*** Opening of Available data ***

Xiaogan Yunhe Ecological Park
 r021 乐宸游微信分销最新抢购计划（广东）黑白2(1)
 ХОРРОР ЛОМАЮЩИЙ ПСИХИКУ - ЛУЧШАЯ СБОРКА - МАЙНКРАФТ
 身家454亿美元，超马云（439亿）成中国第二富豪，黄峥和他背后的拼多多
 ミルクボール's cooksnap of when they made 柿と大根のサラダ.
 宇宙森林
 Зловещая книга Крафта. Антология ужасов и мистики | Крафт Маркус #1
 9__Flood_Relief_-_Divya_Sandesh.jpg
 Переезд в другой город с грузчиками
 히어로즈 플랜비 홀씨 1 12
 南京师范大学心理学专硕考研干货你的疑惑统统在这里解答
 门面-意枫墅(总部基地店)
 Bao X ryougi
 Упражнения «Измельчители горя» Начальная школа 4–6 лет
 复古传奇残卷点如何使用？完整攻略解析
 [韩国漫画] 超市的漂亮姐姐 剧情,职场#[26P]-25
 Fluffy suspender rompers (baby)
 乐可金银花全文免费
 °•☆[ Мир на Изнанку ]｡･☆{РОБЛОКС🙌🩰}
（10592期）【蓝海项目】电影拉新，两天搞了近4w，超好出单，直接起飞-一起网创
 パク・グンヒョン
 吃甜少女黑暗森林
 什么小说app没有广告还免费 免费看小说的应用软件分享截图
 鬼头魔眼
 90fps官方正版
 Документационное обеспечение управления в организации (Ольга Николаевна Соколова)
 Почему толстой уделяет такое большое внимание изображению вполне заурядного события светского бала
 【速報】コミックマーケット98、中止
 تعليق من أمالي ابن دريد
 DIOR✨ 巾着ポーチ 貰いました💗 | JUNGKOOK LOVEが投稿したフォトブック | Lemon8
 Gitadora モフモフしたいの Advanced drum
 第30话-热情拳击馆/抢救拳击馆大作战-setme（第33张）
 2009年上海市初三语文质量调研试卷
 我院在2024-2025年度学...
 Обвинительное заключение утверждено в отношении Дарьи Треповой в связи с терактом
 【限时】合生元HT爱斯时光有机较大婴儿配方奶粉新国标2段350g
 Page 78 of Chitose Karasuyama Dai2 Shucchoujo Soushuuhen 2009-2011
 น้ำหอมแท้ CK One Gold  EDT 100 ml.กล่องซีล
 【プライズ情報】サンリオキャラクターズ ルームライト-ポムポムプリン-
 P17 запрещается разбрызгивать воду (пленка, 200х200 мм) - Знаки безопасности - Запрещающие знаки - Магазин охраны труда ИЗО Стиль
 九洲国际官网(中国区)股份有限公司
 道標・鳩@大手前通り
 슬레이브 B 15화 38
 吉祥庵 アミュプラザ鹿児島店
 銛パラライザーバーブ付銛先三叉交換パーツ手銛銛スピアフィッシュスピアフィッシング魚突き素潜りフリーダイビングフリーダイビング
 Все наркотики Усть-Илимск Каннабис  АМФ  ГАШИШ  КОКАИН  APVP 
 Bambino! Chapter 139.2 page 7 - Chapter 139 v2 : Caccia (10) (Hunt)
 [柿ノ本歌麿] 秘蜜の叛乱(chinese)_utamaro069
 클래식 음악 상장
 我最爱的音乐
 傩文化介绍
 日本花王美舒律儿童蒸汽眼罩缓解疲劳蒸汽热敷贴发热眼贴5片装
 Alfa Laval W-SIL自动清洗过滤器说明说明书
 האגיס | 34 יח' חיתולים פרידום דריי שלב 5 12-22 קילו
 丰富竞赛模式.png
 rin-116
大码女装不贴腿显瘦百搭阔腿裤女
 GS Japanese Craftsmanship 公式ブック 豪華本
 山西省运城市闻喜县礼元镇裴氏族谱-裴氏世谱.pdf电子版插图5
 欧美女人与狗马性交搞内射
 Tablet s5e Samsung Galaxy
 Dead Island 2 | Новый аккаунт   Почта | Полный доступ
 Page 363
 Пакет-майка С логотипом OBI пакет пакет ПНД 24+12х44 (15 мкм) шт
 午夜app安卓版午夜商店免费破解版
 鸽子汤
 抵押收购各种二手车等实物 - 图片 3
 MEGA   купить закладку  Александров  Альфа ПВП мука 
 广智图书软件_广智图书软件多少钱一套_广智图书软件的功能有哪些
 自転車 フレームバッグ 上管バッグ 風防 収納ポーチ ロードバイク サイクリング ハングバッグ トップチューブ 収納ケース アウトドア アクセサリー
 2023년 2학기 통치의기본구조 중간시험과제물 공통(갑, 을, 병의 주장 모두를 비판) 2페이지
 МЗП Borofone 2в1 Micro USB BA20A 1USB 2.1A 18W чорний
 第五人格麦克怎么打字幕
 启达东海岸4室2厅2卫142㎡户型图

*** Close of Available data ***

◆ **Task prompt**: Using the listing above, transcribe every entry exactly.

◆ **Answer area**:
Xiaogan Yunhe Ecological Park
 r021 乐宸游微信分销最新抢购计划（广东）黑白2(1)
 ХОРРОР ЛОМАЮЩИЙ ПСИХИКУ - ЛУЧШАЯ СБОРКА - МАЙНКРАФТ
 身家454亿美元，超马云（439亿）成中国第二富豪，黄峥和他背后的拼多多
 ミルクボール's cooksnap of when they made 柿と大根のサラダ.
 宇宙森林
 Зловещая книга Крафта. Антология ужасов и мистики | Крафт Маркус #1
 9__Flood_Relief_-_Divya_Sandesh.jpg
 Переезд в другой город с грузчиками
 히어로즈 플랜비 홀씨 1 12
 南京师范大学心理学专硕考研干货你的疑惑统统在这里解答
 门面-意枫墅(总部基地店)
 Bao X ryougi
 Упражнения «Измельчители горя» Начальная школа 4–6 лет
 复古传奇残卷点如何使用？完整攻略解析
 [韩国漫画] 超市的漂亮姐姐 剧情,职场#[26P]-25
 Fluffy suspender rompers (baby)
 乐可金银花全文免费
 °•☆[ Мир на Изнанку ]｡･☆{РОБЛОКС🙌🩰}
（10592期）【蓝海项目】电影拉新，两天搞了近4w，超好出单，直接起飞-一起网创
 パク・グンヒョン
 吃甜少女黑暗森林
 什么小说app没有广告还免费 免费看小说的应用软件分享截图
 鬼头魔眼
 90fps官方正版
 Документационное обеспечение управления в организации (Ольга Николаевна Соколова)
 Почему толстой уделяет такое большое внимание изображению вполне заурядного события светского бала
 【速報】コミックマーケット98、中止
 تعليق من أمالي ابن دريد
 DIOR✨ 巾着ポーチ 貰いました💗 | JUNGKOOK LOVEが投稿したフォトブック | Lemon8
 Gitadora モフモフしたいの Advanced drum
 第30话-热情拳击馆/抢救拳击馆大作战-setme（第33张）
 2009年上海市初三语文质量调研试卷
 我院在2024-2025年度学...
 Обвинительное заключение утверждено в отношении Дарьи Треповой в связи с терактом
 【限时】合生元HT爱斯时光有机较大婴儿配方奶粉新国标2段350g
 Page 78 of Chitose Karasuyama Dai2 Shucchoujo Soushuuhen 2009-2011
 น้ำหอมแท้ CK One Gold  EDT 100 ml.กล่องซีล
 【プライズ情報】サンリオキャラクターズ ルームライト-ポムポムプリン-
 P17 запрещается разбрызгивать воду (пленка, 200х200 мм) - Знаки безопасности - Запрещающие знаки - Магазин охраны труда ИЗО Стиль
 九洲国际官网(中国区)股份有限公司
 道標・鳩@大手前通り
 슬레이브 B 15화 38
 吉祥庵 アミュプラザ鹿児島店
 銛パラライザーバーブ付銛先三叉交換パーツ手銛銛スピアフィッシュスピアフィッシング魚突き素潜りフリーダイビングフリーダイビング
 Все наркотики Усть-Илимск Каннабис  АМФ  ГАШИШ  КОКАИН  APVP 
 Bambino! Chapter 139.2 page 7 - Chapter 139 v2 : Caccia (10) (Hunt)
 [柿ノ本歌麿] 秘蜜の叛乱(chinese)_utamaro069
 클래식 음악 상장
 我最爱的音乐
 傩文化介绍
 日本花王美舒律儿童蒸汽眼罩缓解疲劳蒸汽热敷贴发热眼贴5片装
 Alfa Laval W-SIL自动清洗过滤器说明说明书
 האגיס | 34 יח' חיתולים פרידום דריי שלב 5 12-22 קילו
 丰富竞赛模式.png
 rin-116
大码女装不贴腿显瘦百搭阔腿裤女
 GS Japanese Craftsmanship 公式ブック 豪華本
 山西省运城市闻喜县礼元镇裴氏族谱-裴氏世谱.pdf电子版插图5
 欧美女人与狗马性交搞内射
 Tablet s5e Samsung Galaxy
 Dead Island 2 | Новый аккаунт   Почта | Полный доступ
 Page 363
 Пакет-майка С логотипом OBI пакет пакет ПНД 24+12х44 (15 мкм) шт
 午夜app安卓版午夜商店免费破解版
 鸽子汤
 抵押收购各种二手车等实物 - 图片 3
 MEGA   купить закладку  Александров  Альфа ПВП мука 
 广智图书软件_广智图书软件多少钱一套_广智图书软件的功能有哪些
 自転車 フレームバッグ 上管バッグ 風防 収納ポーチ ロードバイク サイクリング ハングバッグ トップチューブ 収納ケース アウトドア アクセサリー
 2023년 2학기 통치의기본구조 중간시험과제물 공통(갑, 을, 병의 주장 모두를 비판) 2페이지
 МЗП Borofone 2в1 Micro USB BA20A 1USB 2.1A 18W чорний
 第五人格麦克怎么打字幕
 启达东海岸4室2厅2卫142㎡户型图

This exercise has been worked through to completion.